Eudora Welty lived, wrote, and gardened at 1119 Pinehurst Street in Jackson, Mississippi for most of her life. Step through its doors and you’ll find rooms preserved exactly as she left them — books stacked by her favorite chair, photographs tucked into drawers, and the quiet hum of a writer at work. Outside, her beloved garden still blooms, a living canvas of color and care.
Visiting the house is more than a tour, it’s an invitation into the daily world of a writer whose imagination changed American literature.
TOURS & TICKETS
Guided tours of the Eudora Welty House and Garden are available throughout the week. Tours last approximately one hour and offer a glimpse into both Eudora’s creative life and her personal world.
HOURS:
All tours are guided and require admission
Tuesday–Friday: 9 a.m., 11 a.m., 1 p.m., & 3 p.m.
Saturday: 1 & 3 p.m.
RESERVATIONS RECOMMENDED
tickets:
$10 adults
$8 seniors age 60+, teachers, military, Mississippi Heritage Trust and National Trust members
$5 students / $3 student groups (of 10+)
FREE: student chaperones, children under 6
reservations:
Tours are limited in size; advance reservations are recommended.
RESTORATION STORIES
Preservation is an ongoing act of love. From restoring original furnishings to repairing the garden’s winding brick paths, each project is a chance to honor Eudora’s world.

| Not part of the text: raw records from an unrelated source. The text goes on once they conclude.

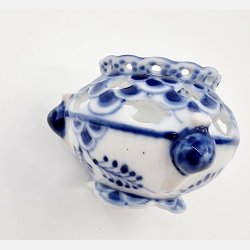 Musselmalet Helblonde Kuvert Vase nr. 1-1045. sortering 2 Sjlden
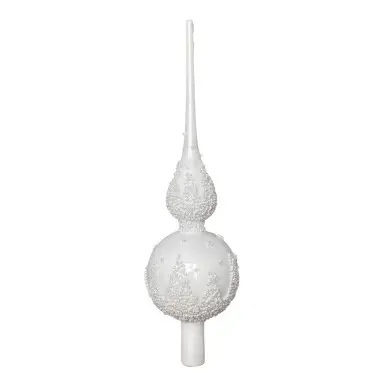Set of 20 Silver & Blue Glass Ornaments – Valery Madelyn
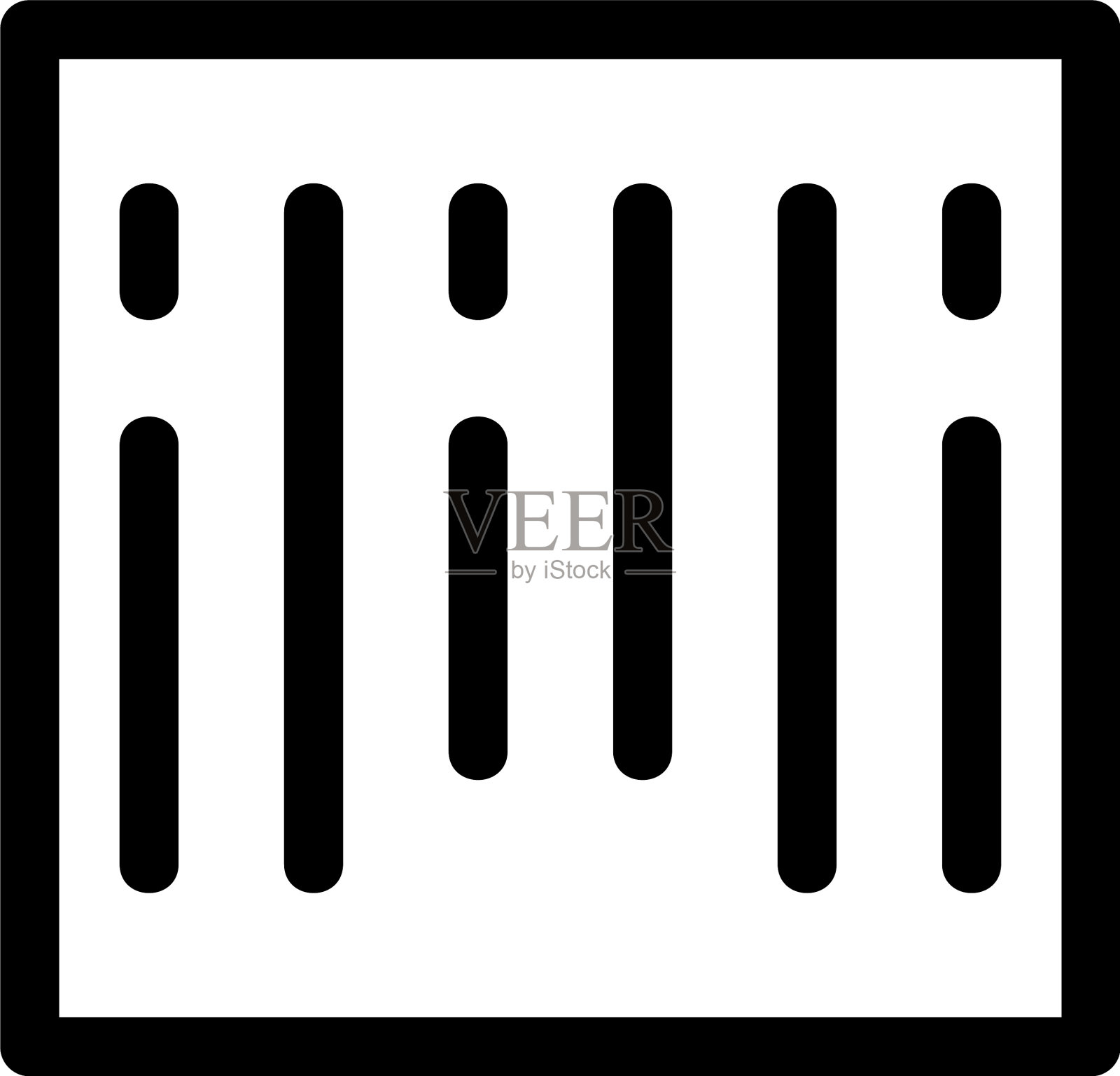 条码图标或标志孤立符号符号图标素材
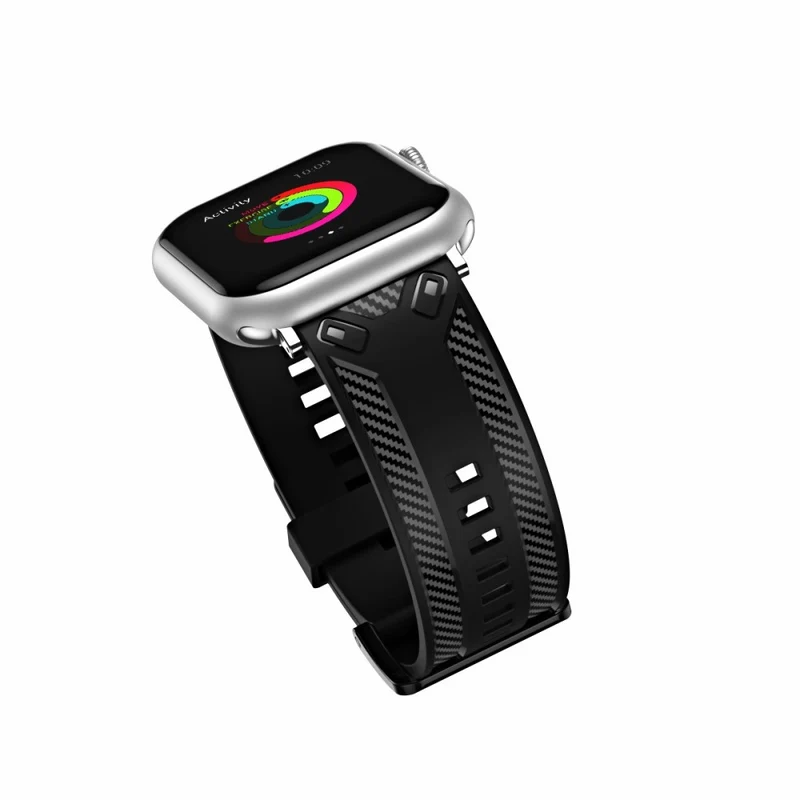 Modisch Apple Watch Series 7 41mm Silikon / TPU armband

With care, curators have pieced together details from photographs, letters, and family accounts to ensure the house looks just as it did during her lifetime.
furniture & artifacts
Original pieces have been painstakingly restored, from the desk where she typed to the shelves filled with her well-worn books.
the garden
Seasonal restoration keeps the garden blooming with the same roses, camellias, and seasonal flowers that Eudora tended.
letters & archives
Preservation extends beyond the home itself, encompassing thousands of letters, photographs, and manuscripts that reveal her wit and humanity.
The garden
Eudora once wrote that she “learned to observe from flowers.” The garden she and her mother tended together remains a cornerstone of the experience. From spring azaleas to summer roses, each season brings new life to the paths she walked daily. Visitors are welcome to explore the garden with or without a house tour.
a house with history
The Tudor Revival–style home at 1119 Pinehurst Street was built in 1925, and Eudora spent most of her life within its walls. Here she wrote nearly all of her published works, including The Optimist’s Daughter, which won the Pulitzer Prize in 1973. The house was designated a National Historic Landmark in 2004 and remains one of the nation’s most intact literary homes.

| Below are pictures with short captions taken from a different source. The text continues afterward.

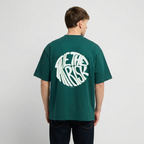 Oversized Heavyweight T-Shirt - TAKE THE RISK - hunter Green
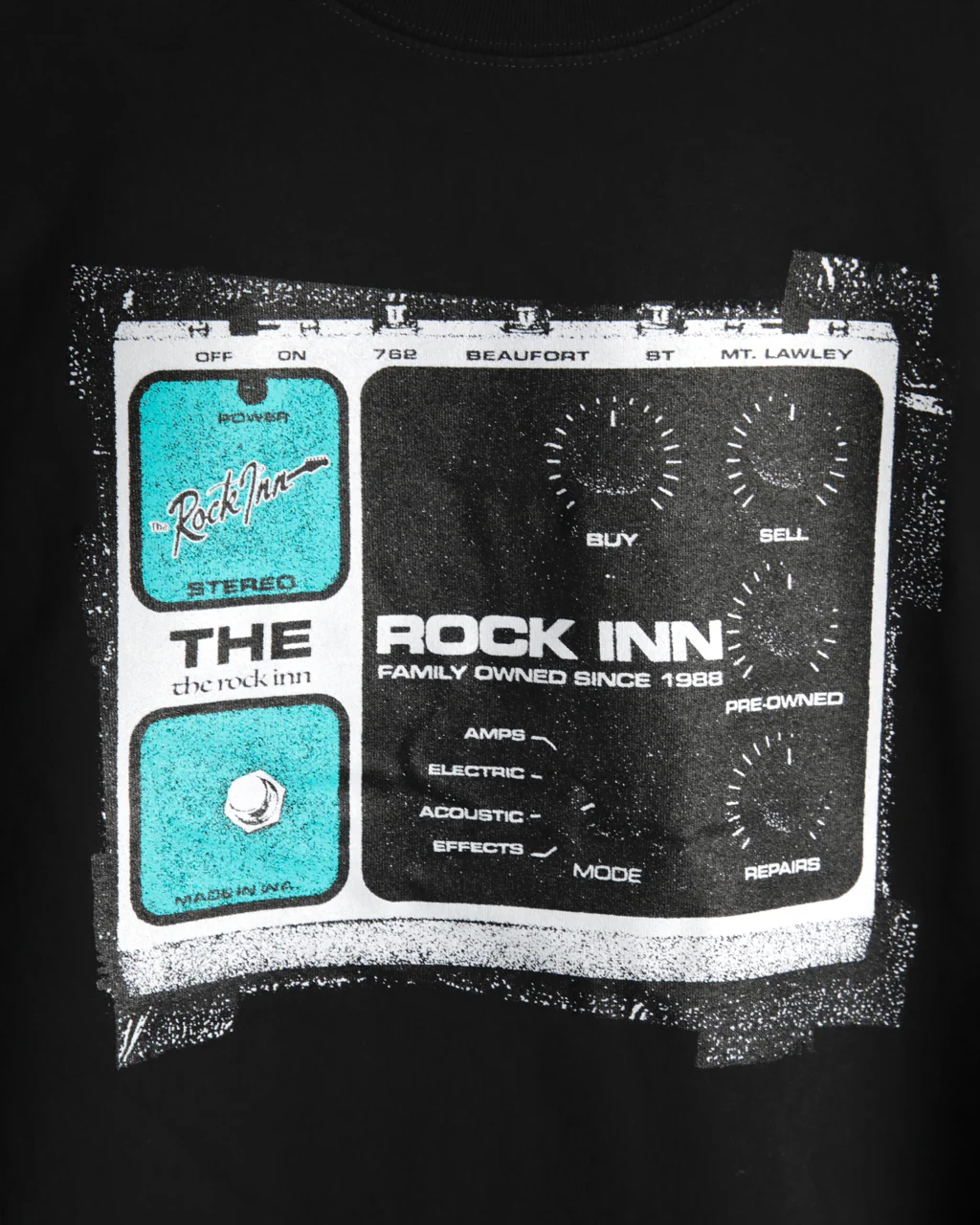 The Rock Inn "Poly Chorus" T-Shirt - Faded Black - Image 2
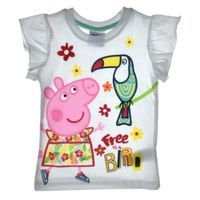 T-shirt dla dzieci Świnka Peppa z ozdobnymi rękawami 128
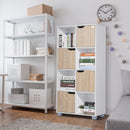 Libreria di Design a 8 Scompartimenti in Legno Bianco 60x30x122 cm -2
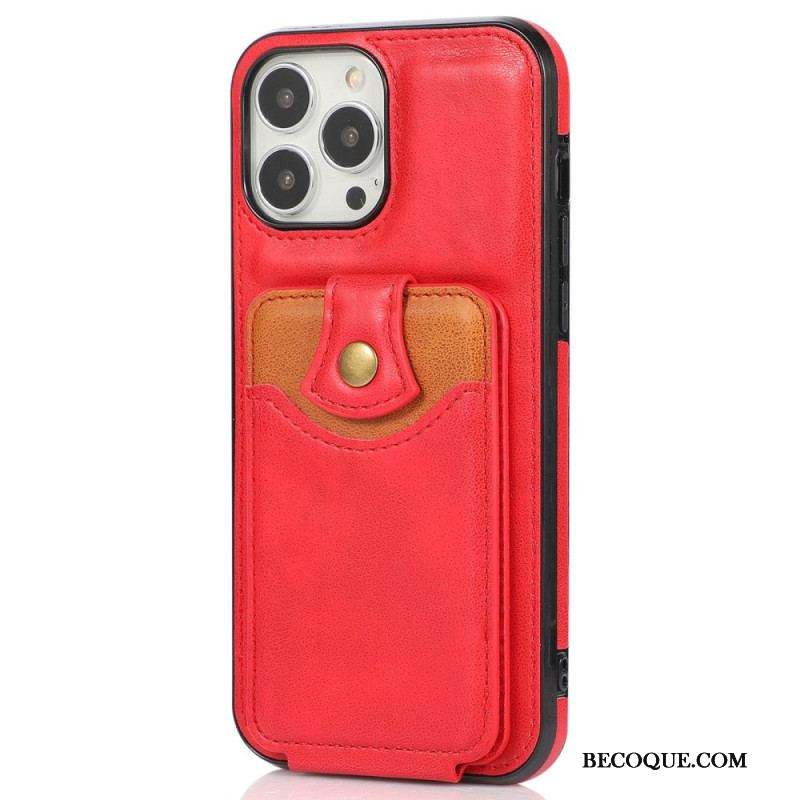 Coque iPhone 14 Pro Porte-Cartes Rabattable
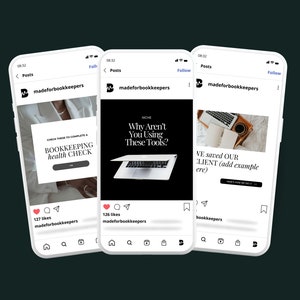 Melanin Bookkeeper Instagram Carousel Templates | Social Media Templates for Bookkeepers | Bookkeeper Templates | Tioga | Accounting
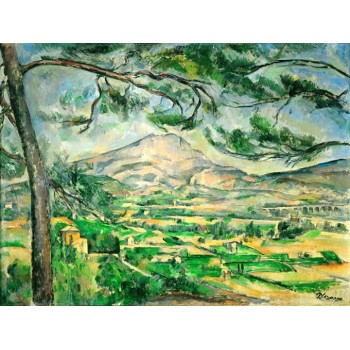 №0939, "Mont Sainte-Victoire",Paul Cezanne. Μοναδικός πίνακας σε καμβά, με εντυπωσιακές χειροποίητες 3D πινελιές. Δημιουργείται αποκλειστικά για εσάς, κατόπιν παραγγελίας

Books About the House & Garden
Several notable books explore Eudora Welty’s home and garden and their influence on her life and work. One Writer’s Beginnings offers Welty’s own reflections on her childhood in Mississippi and the experiences that shaped her as a writer, while One Writer’s Garden: Eudora Welty’s Home Place focuses specifically on the house and garden, highlighting how these spaces—especially the garden created by her mother—informed her daily life and creativity. Eudora Welty: A Biography by Suzanne Marrs provides a comprehensive look at Welty’s life and literary legacy, offering important context about her home, relationships, and enduring connection to place.

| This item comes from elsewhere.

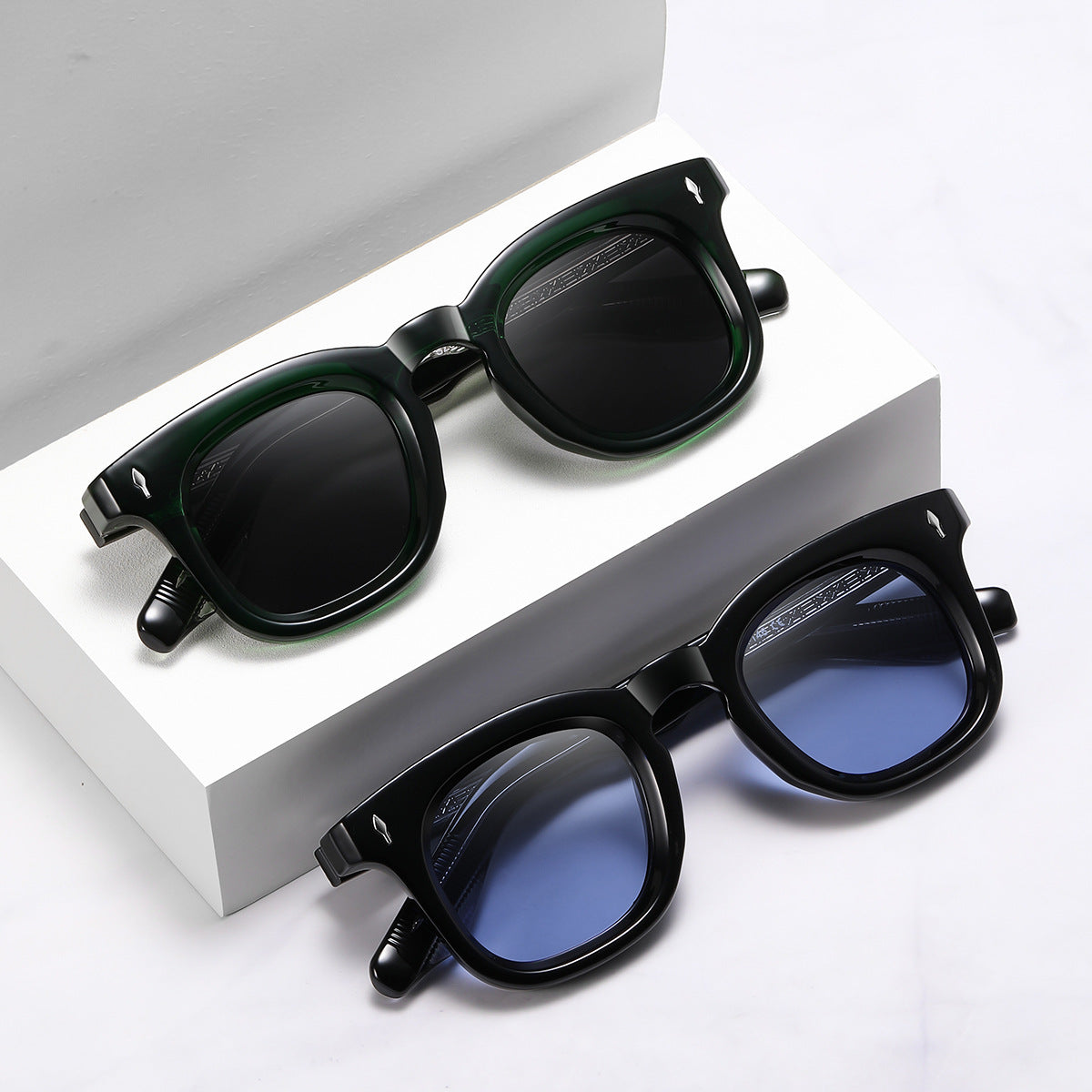 Damen Sonnenbrille im modernen quadratischen Design mit UV-Schutz Brehn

Eudora Welty Research Fellow
The Eudora Welty Research Fellowship supports original scholarship using the Eudora Welty Collection housed at the Mississippi Department of Archives and History in Jackson. Awarded annually, the fellowship provides a $5,000 grant to a graduate student enrolled at an accredited college or university to encourage in-depth research on Welty’s life, work, and legacy. The Welty Fellow conducts on-site research within the archival collection, contributing to a deeper understanding of Welty’s literary, historical, and cultural significance while advancing their own academic work
WHY IT MATTERS
Preservation is not about freezing time. It is about making sure the house, garden, and stories Eudora cherished remain touchstones of creativity, generosity, and Southern literary life. Every repair, every digitized letter, every bloom in the garden is part of a larger promise: that her legacy will continue to grow.